Susana, impaciente y furiosa, gritó que por respeto al momento dejáramos de pelearnos, y que si para calmar los ánimos ella tenía que desistir de su propósito, estaba dispuesta a hacerlo porque, después de todo, sin importar a qué distancia estuvieran las cenizas, su madre siempre viviría en su corazón. Roberto, que nunca se ha llevado bien con ella, se burló a carcajadas.
José Antonio, quien había permanecido silencioso, pidió la palabra y nos sugirió una solución para el problema: que nos turnáramos para alojar, durante un mes, las cenizas de mamá. La idea nos pareció magnífica y, sobre todo, equitativa. Para no caer en favoritismos decidimos someternos al orden alfabético. Francisco sería el primero en hospedar en su casa las cenizas. Haciendo gala de su generosidad nos dijo que podríamos ir a visitarla cuantas veces quisiéramos, aunque él se encontrara de viaje por motivos de trabajo.
Susana, quien seguía considerándose despojada, le tiró una puya: ¿Y crees que la bruja de tu esposa nos dejará pasar?
¡Es mi casa!
, gritó Francisco completamente fuera de sus casillas.
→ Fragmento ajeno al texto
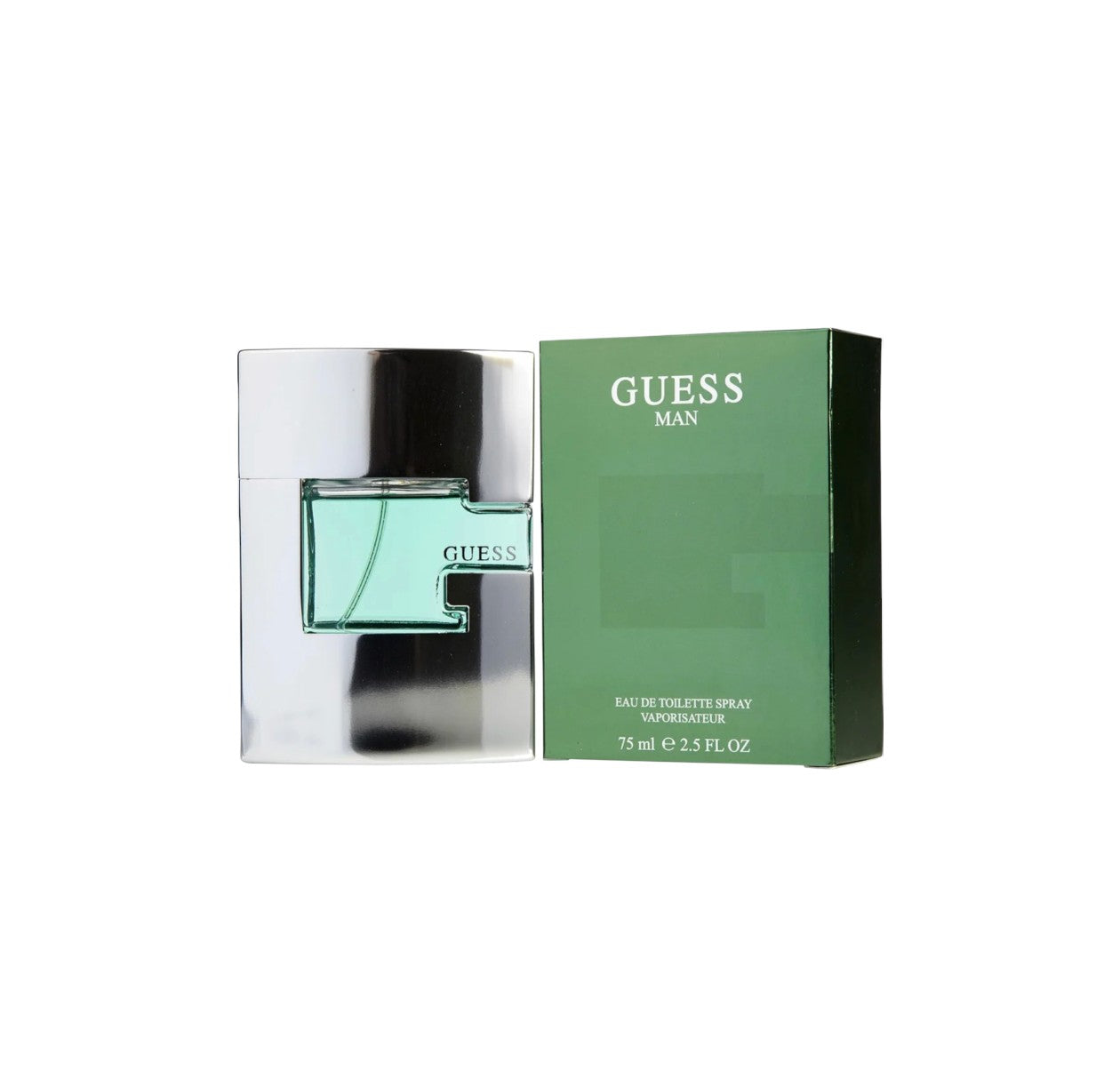 Guess Man Homme Eau De Toilette Spray 2.5 oz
No tanto: ella la está pagando; por lo menos eso dice. ¿Te doy un consejo, hermanito? Fájate los pantalones antes de que esa vieja acabe de comerte el mandado y termine mandándote a dormir al cuarto de la azotea.
Lucrecia nos reconvino porque, en un momento tan solemne y en presencia de los despojos de mamá, aún tibios, estuviéramos peleándonos en vez de comportarnos como adultos. Para calmar los ánimos, José Antonio insistió en la solución del orden alfabético. Como la inicial de mi nombre es la zeta, vendrá tocándome la dicha de convivir con las cenizas de mi madre a comienzos del próximo abril.